Go through the listing below and output exactly the line with "Lit Lips (Neon", the line with "Meetee 2/5Pcs 21/27/32/44/52mm", and each line between; omit the rest.
************
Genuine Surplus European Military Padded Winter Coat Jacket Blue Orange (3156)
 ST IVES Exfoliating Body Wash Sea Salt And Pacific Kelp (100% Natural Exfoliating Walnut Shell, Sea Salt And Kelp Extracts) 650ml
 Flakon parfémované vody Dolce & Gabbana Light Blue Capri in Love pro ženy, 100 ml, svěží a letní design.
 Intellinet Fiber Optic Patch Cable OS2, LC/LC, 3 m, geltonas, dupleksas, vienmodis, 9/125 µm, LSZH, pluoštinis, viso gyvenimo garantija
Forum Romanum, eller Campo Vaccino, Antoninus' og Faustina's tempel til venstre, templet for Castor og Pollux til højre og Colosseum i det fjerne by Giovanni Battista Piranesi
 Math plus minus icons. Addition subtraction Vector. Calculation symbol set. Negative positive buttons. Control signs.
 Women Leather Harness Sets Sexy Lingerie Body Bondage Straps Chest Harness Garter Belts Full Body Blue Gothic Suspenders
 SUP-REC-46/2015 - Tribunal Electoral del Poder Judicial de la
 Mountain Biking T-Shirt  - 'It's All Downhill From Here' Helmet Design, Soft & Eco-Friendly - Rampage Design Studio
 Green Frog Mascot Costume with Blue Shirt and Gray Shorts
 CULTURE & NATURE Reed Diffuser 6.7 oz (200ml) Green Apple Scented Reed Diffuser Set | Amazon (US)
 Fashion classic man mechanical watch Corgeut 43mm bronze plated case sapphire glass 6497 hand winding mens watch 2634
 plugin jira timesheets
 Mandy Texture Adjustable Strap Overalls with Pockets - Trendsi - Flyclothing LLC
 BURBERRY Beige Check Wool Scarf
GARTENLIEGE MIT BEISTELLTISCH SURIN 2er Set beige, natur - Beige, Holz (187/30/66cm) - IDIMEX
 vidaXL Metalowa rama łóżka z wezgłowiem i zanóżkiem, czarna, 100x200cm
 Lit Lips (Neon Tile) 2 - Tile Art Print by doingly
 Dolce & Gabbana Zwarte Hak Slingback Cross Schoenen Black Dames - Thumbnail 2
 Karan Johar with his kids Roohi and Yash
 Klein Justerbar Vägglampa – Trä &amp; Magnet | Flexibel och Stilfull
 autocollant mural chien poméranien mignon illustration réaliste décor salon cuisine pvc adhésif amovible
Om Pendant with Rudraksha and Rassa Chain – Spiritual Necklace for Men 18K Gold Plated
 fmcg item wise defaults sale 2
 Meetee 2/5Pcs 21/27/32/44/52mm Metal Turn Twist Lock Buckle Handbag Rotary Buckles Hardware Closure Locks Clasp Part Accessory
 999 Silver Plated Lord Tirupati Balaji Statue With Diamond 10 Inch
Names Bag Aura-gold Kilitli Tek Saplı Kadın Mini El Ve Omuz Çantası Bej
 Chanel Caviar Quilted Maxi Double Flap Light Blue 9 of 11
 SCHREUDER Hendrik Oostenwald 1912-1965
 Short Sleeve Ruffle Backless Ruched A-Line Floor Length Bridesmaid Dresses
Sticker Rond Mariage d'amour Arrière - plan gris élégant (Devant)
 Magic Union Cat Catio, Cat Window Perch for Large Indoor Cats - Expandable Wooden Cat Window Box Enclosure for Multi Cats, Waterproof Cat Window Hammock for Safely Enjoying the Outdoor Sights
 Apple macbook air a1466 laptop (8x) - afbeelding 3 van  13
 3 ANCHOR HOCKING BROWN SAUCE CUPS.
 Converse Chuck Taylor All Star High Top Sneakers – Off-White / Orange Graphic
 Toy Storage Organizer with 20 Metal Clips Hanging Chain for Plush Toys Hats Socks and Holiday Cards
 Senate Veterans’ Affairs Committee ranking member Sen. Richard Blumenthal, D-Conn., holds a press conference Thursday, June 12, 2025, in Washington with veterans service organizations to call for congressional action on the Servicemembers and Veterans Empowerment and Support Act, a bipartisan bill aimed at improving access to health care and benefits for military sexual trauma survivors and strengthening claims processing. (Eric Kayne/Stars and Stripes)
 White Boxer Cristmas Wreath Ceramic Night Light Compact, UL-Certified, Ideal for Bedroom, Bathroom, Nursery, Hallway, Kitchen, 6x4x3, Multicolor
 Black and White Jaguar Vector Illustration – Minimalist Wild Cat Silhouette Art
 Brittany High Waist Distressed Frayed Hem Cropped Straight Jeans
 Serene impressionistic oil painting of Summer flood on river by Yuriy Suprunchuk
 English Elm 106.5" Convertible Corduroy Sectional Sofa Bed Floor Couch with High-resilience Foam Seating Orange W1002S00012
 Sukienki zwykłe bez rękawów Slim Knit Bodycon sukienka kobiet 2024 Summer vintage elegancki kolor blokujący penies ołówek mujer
************
*Response area*:
 Lit Lips (Neon Tile) 2 - Tile Art Print by doingly
 Dolce & Gabbana Zwarte Hak Slingback Cross Schoenen Black Dames - Thumbnail 2
 Karan Johar with his kids Roohi and Yash
 Klein Justerbar Vägglampa – Trä &amp; Magnet | Flexibel och Stilfull
 autocollant mural chien poméranien mignon illustration réaliste décor salon cuisine pvc adhésif amovible
Om Pendant with Rudraksha and Rassa Chain – Spiritual Necklace for Men 18K Gold Plated
 fmcg item wise defaults sale 2
 Meetee 2/5Pcs 21/27/32/44/52mm Metal Turn Twist Lock Buckle Handbag Rotary Buckles Hardware Closure Locks Clasp Part Accessory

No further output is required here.